WHAT NEEDS TO BE DONE: Repeat word for word every line of the data below, from the first through the line containing "- YSRCongress", and stop there.

SUPPLIED INFORMATION:
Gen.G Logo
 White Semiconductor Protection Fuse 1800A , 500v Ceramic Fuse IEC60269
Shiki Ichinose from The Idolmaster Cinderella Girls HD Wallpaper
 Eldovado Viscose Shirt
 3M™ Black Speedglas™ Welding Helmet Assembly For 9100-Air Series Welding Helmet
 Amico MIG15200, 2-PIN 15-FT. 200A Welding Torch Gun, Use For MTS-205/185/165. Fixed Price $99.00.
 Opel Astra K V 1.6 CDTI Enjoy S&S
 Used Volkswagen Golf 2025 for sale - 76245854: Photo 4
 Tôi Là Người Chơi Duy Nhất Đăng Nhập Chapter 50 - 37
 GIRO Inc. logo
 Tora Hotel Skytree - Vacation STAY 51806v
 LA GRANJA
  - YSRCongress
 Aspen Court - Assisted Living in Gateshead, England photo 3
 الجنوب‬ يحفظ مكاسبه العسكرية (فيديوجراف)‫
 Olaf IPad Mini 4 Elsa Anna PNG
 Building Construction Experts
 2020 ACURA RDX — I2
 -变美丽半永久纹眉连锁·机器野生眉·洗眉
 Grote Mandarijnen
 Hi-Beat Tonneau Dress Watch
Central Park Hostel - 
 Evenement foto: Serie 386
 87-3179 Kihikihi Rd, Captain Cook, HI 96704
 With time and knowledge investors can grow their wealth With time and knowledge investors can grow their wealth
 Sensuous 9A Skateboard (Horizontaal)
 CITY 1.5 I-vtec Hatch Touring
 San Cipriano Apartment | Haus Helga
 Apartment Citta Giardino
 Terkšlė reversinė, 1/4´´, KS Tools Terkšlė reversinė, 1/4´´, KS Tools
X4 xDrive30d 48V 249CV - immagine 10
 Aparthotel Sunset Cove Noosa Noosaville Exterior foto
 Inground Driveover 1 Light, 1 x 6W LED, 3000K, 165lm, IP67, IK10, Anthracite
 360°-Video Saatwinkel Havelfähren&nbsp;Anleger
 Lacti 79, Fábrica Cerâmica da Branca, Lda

TASK OUTPUT:
Gen.G Logo
 White Semiconductor Protection Fuse 1800A , 500v Ceramic Fuse IEC60269
Shiki Ichinose from The Idolmaster Cinderella Girls HD Wallpaper
 Eldovado Viscose Shirt
 3M™ Black Speedglas™ Welding Helmet Assembly For 9100-Air Series Welding Helmet
 Amico MIG15200, 2-PIN 15-FT. 200A Welding Torch Gun, Use For MTS-205/185/165. Fixed Price $99.00.
 Opel Astra K V 1.6 CDTI Enjoy S&S
 Used Volkswagen Golf 2025 for sale - 76245854: Photo 4
 Tôi Là Người Chơi Duy Nhất Đăng Nhập Chapter 50 - 37
 GIRO Inc. logo
 Tora Hotel Skytree - Vacation STAY 51806v
 LA GRANJA
  - YSRCongress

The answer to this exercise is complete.